Definition of Freshman Dream

Let p be a prime and R a commutative ring with identity of characteristic p . Then for every $a,b\in R$and every positive integer n such that ${\left(a+b\right)}^{P^n}\ne a^{p^n}+b^{P^n}$.

Showing that (a+b)pn≠apn+bpn  

Freshman Dream may be false if the characteristic p is not prime or if R is noncommutative. Now prove the claim by taking example.

Consider $Z_6$. Here $char{Z}_6\left(p\right)=6$is not prime number. Let $a=1,b=2$then for $n=1$. Take left hand side of ${(a+b)}^{p^n}=a^{pn}+b^{p^n}$.

$$\begin{gathered} {\left(1+2\right)}^{6^1}={\left(1+2\right)}^6 \\ =3^6 \\ =729 \end{gathered}$$

Simplify further:

$$\begin{gathered} 729=729\left(mod6\right) \\ =3 \end{gathered}$$

Now take right hand side of${(a+b)}^{p^n}=a^{p^n}+b^{p^n}$.

$$\begin{gathered} 1^{6^1}+2^{6^1}=1^6+2^6 \\ =1+64 \\ =65 \end{gathered}$$

Simplify further:

$$\begin{gathered} 65=65\left(mod6\right) \\ =5 \end{gathered}$$

This gives right hand side is not equal to left hand side.

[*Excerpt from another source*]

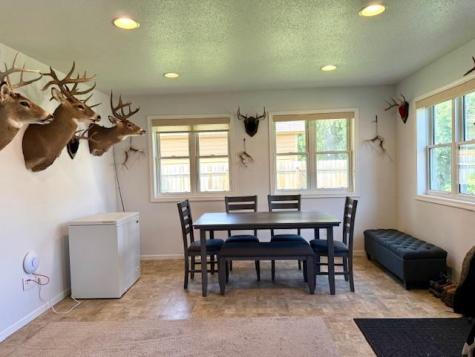 307 Main Street E Caledonia MN 55921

Therefore in this case Freshman Dream fails.

Now again consider $M\left(Z_2\right)$. Here $M\left(Z_2\right)$is not commutative and$char\left(Z_2\right(p\left)\right)=2$. Here characteristic is a prime.

Let $a=\left(\begin{array}{cc}0& 1\\ 0& 0\end{array}\right),b=\left(\begin{array}{cc}0& 0\\ 1& 0\end{array}\right)$. Noe in this case$n=1,p=2$.

Now take left hand side of ${(a+b)}^{p^n}=a^{pn}+b^{p^n}$.

$$\begin{gathered} {\left(a+b\right)}^{p^n}={\left(\left(\begin{array}{cc}0& 1\\ 0& 0\end{array}\right)+\left(\begin{array}{cc}0& 0\\ 1& 0\end{array}\right)\right)}^{2^1} \\ ={\left(\begin{array}{cc}0& 1\\ 0& 0\end{array}\right)}^2 \\ =\left(\begin{array}{cc}1& 0\\ 0& 0\end{array}\right) \end{gathered}$$

Now take right hand side of${(a+b)}^{p^n}=a^{p^n}+b^{p^n}$.

$$\begin{gathered} a^{p^n}+b^{p^n}={\left(\begin{array}{cc}0& 1\\ 0& 0\end{array}\right)}^{2^1}+{\left(\begin{array}{cc}0& 0\\ 1& 0\end{array}\right)}^{2^1} \\ ={\left(\begin{array}{cc}0& 1\\ 0& 0\end{array}\right)}^2+{\left(\begin{array}{cc}0& 0\\ 1& 0\end{array}\right)}^2 \\ =\left(\begin{array}{cc}0& 0\\ 0& 0\end{array}\right)+\left(\begin{array}{cc}0& 0\\ 0& 0\end{array}\right) \\ =\left(\begin{array}{cc}0& 0\\ 0& 0\end{array}\right) \end{gathered}$$

This show that right hand side is not equal to left hand side. Hence Freshman’s Dream fails in both the case. So,${(a+b)}^{p^n}\ne a^{p^n}+b^{p^n}$.